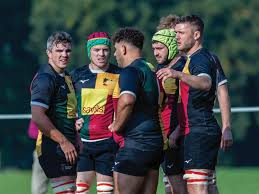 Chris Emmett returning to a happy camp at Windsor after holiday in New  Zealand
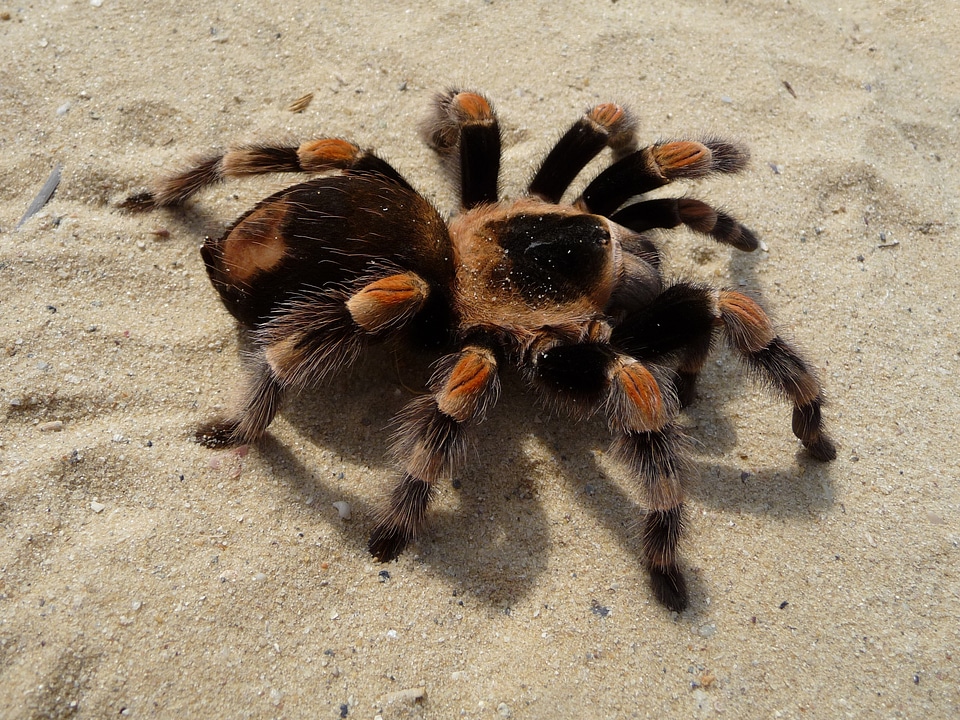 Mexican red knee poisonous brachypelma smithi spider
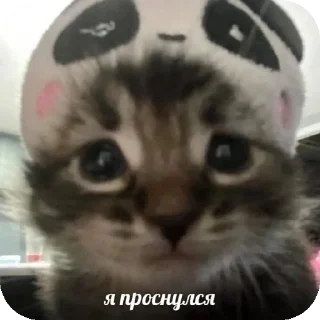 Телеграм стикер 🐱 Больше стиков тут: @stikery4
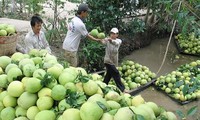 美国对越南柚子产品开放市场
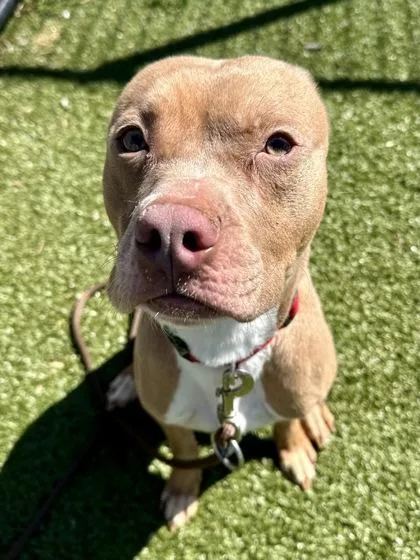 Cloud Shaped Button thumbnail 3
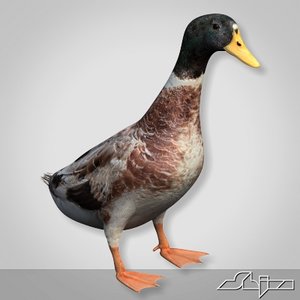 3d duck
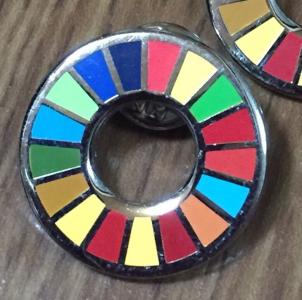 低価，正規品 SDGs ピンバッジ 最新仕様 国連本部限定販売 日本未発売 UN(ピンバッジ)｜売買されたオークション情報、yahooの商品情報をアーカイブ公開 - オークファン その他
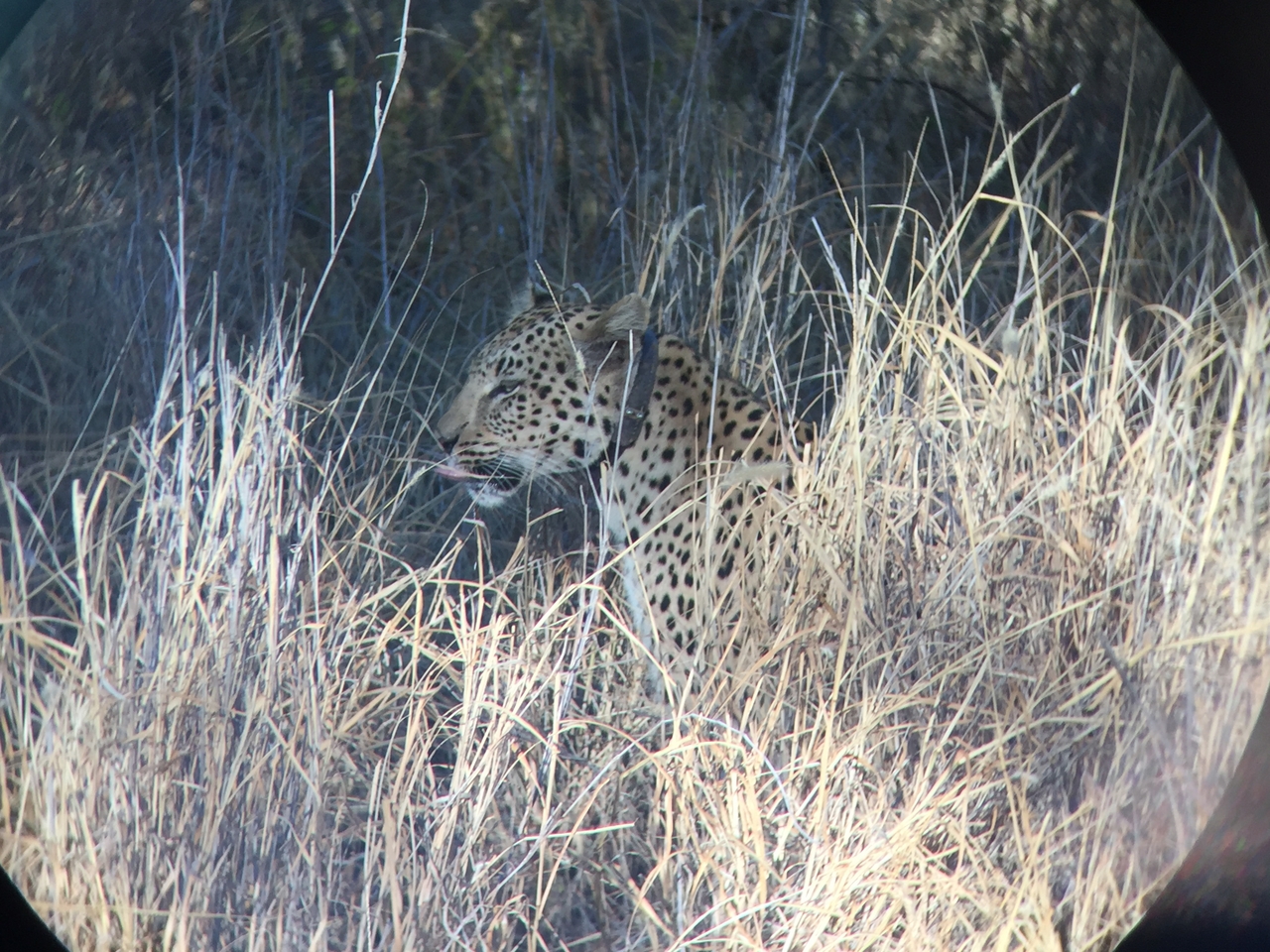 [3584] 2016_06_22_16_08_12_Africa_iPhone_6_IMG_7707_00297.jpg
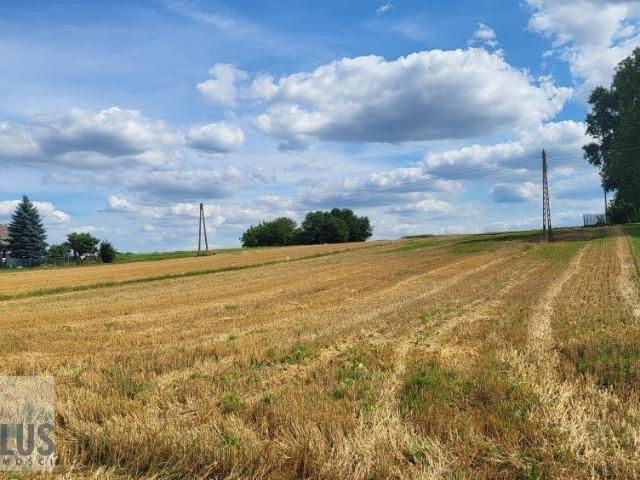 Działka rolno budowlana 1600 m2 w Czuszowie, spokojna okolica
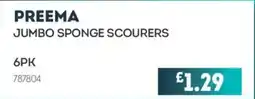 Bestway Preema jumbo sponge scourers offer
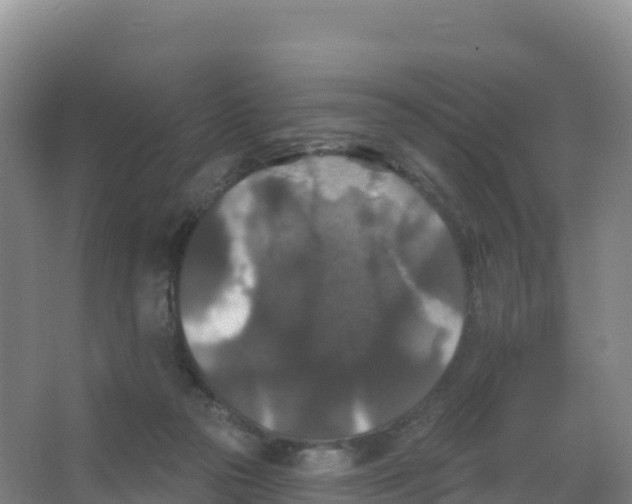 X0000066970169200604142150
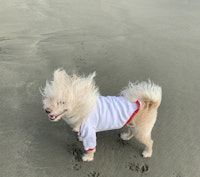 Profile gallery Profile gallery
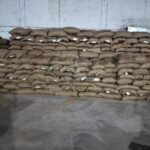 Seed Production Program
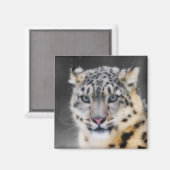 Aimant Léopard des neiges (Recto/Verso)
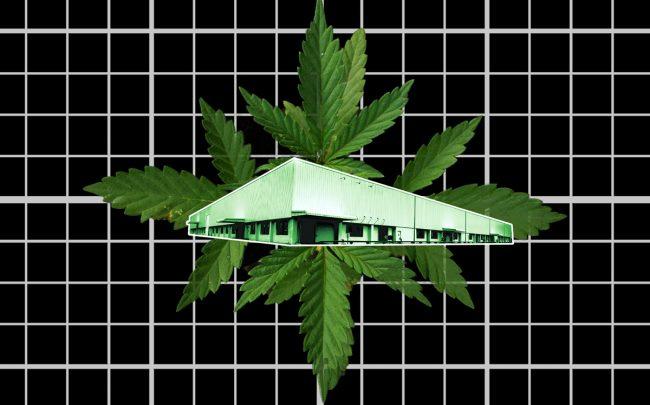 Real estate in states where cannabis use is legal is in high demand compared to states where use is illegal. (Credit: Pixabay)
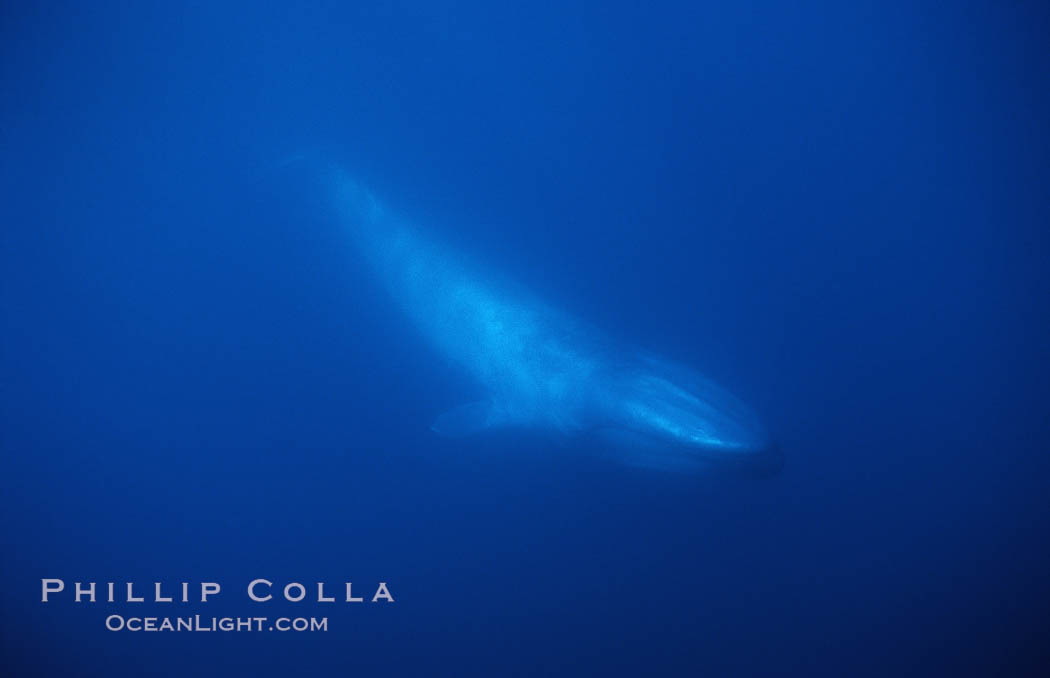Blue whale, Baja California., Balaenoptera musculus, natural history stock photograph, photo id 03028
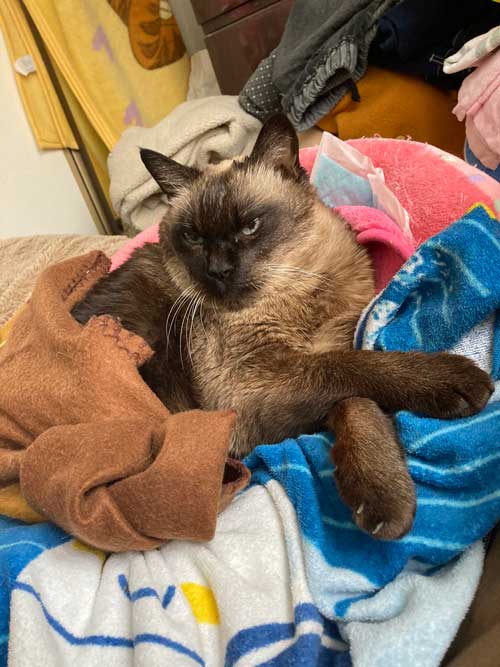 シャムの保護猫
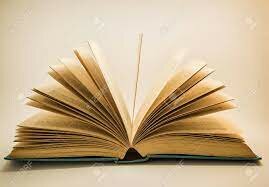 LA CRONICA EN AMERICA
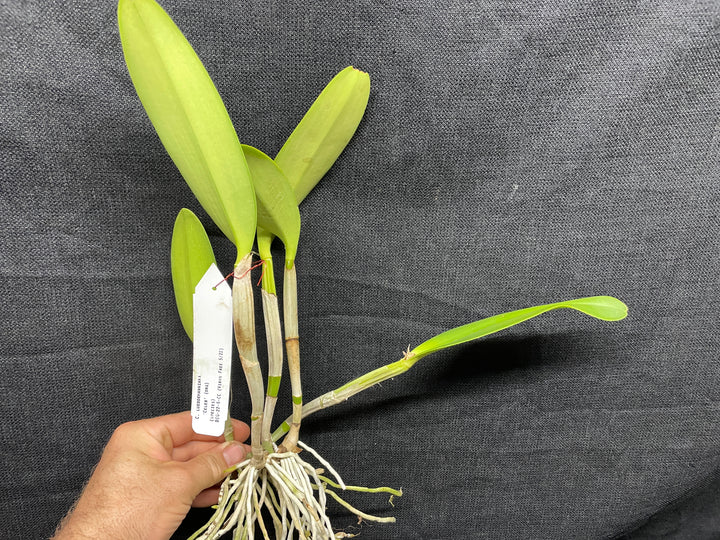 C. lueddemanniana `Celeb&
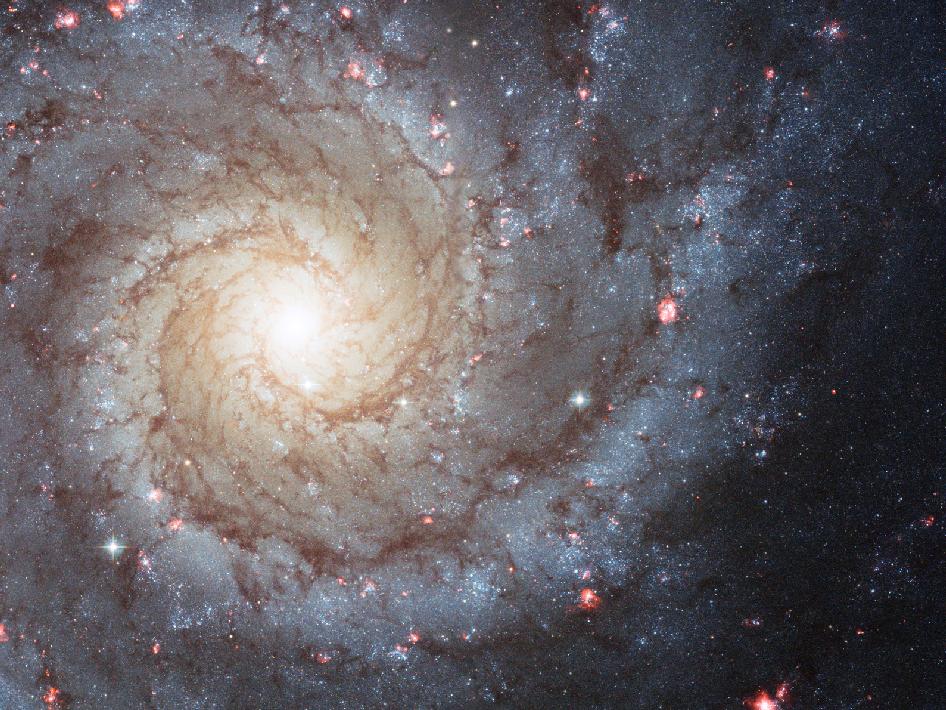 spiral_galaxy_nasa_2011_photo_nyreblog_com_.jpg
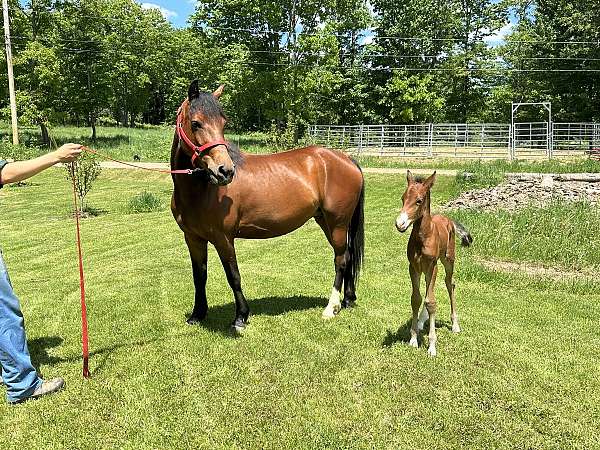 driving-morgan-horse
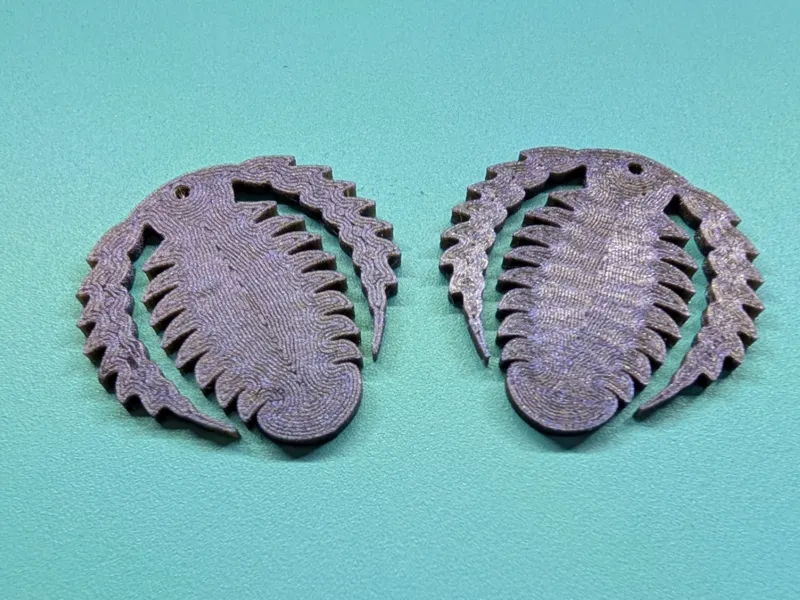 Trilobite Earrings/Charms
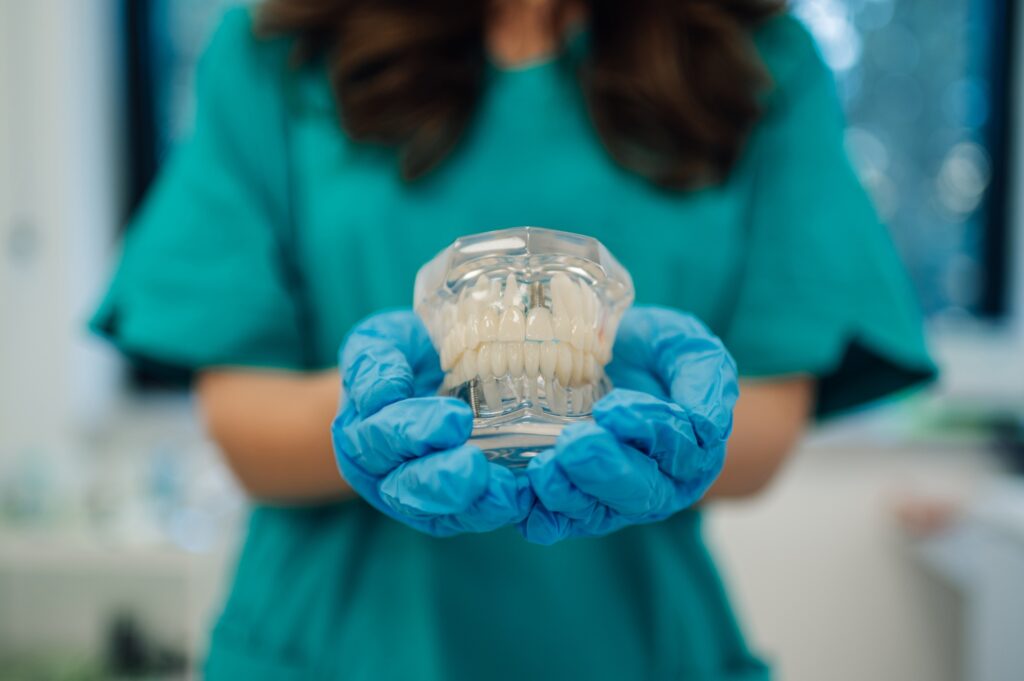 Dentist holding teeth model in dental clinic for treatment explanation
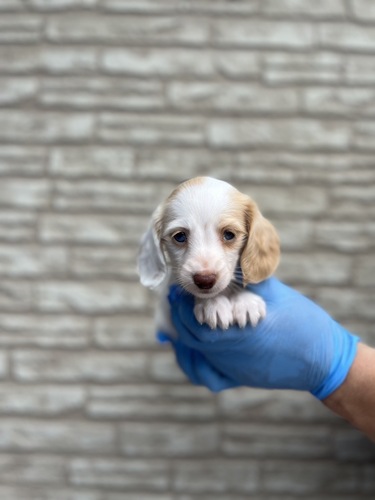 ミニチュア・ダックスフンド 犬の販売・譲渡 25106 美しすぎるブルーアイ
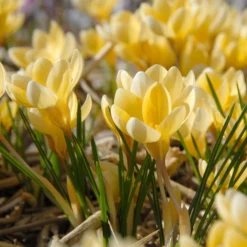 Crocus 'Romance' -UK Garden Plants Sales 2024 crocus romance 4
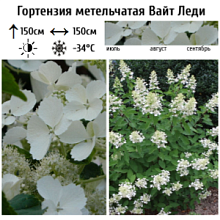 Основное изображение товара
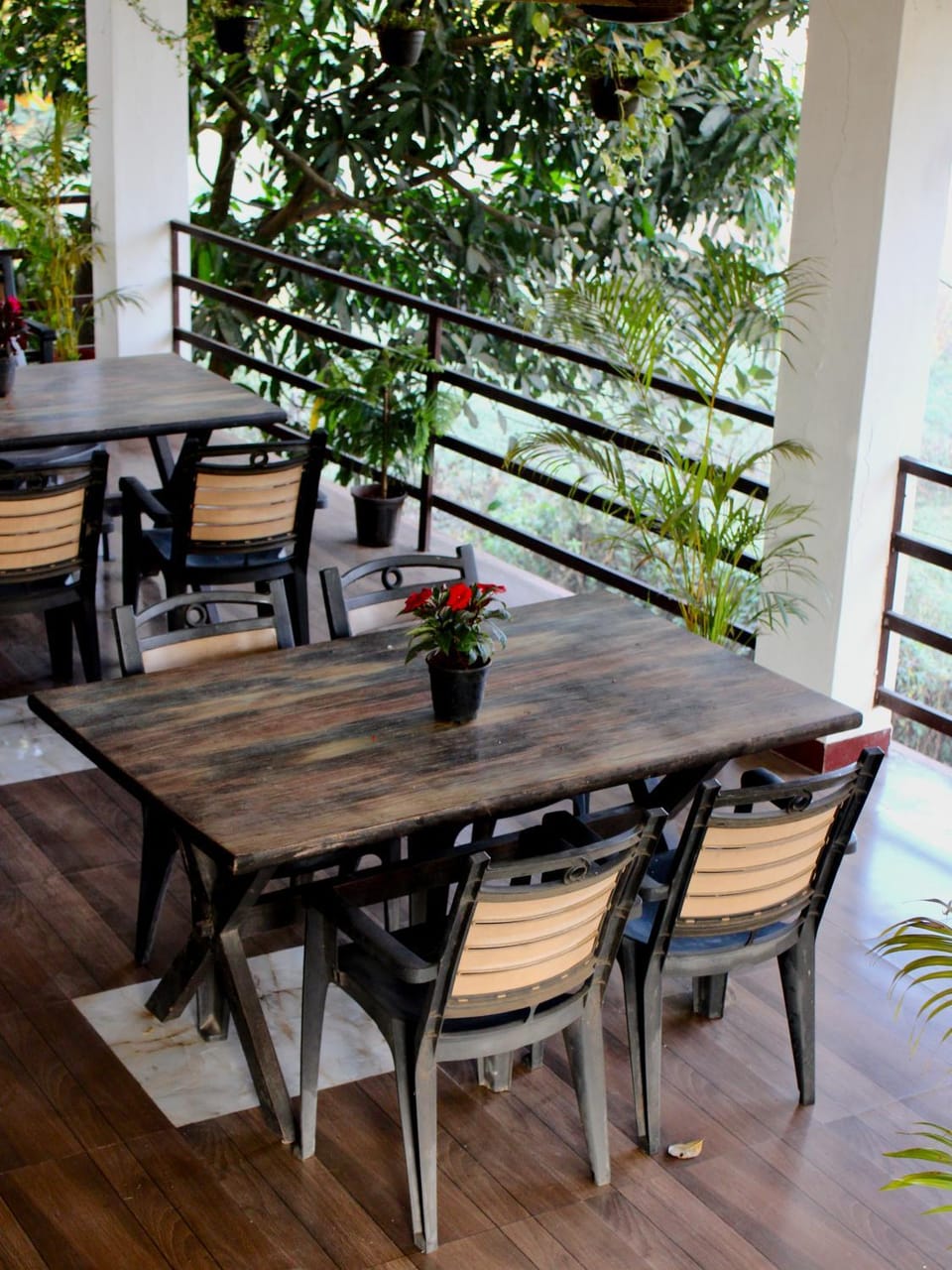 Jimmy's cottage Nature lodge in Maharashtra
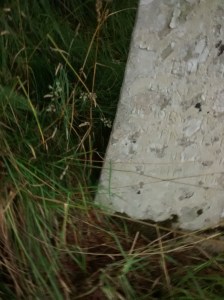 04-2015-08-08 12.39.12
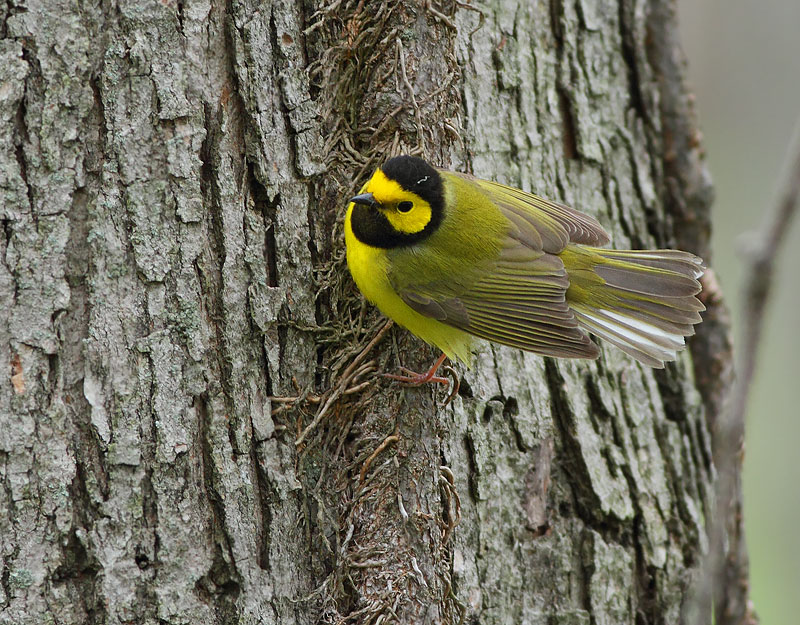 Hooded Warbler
════════
Write out the material above once more, word for word. Images stay out.

» Response:
 Chris Emmett returning to a happy camp at Windsor after holiday in New  Zealand
 Mexican red knee poisonous brachypelma smithi spider
 Телеграм стикер 🐱 Больше стиков тут: @stikery4
 美国对越南柚子产品开放市场
 Cloud Shaped Button thumbnail 3
 3d duck
 低価，正規品 SDGs ピンバッジ 最新仕様 国連本部限定販売 日本未発売 UN(ピンバッジ)｜売買されたオークション情報、yahooの商品情報をアーカイブ公開 - オークファン その他
 [3584] 2016_06_22_16_08_12_Africa_iPhone_6_IMG_7707_00297.jpg
 Działka rolno budowlana 1600 m2 w Czuszowie, spokojna okolica
 Bestway Preema jumbo sponge scourers offer
 X0000066970169200604142150
 Profile gallery Profile gallery
 Seed Production Program
 Aimant Léopard des neiges (Recto/Verso)
 Real estate in states where cannabis use is legal is in high demand compared to states where use is illegal. (Credit: Pixabay)
Blue whale, Baja California., Balaenoptera musculus, natural history stock photograph, photo id 03028
 シャムの保護猫
 LA CRONICA EN AMERICA
 C. lueddemanniana `Celeb&
 spiral_galaxy_nasa_2011_photo_nyreblog_com_.jpg
 driving-morgan-horse
 Trilobite Earrings/Charms
 Dentist holding teeth model in dental clinic for treatment explanation
 ミニチュア・ダックスフンド 犬の販売・譲渡 25106 美しすぎるブルーアイ
 Crocus 'Romance' -UK Garden Plants Sales 2024 crocus romance 4
 Основное изображение товара
 Jimmy's cottage Nature lodge in Maharashtra
 04-2015-08-08 12.39.12
 Hooded Warbler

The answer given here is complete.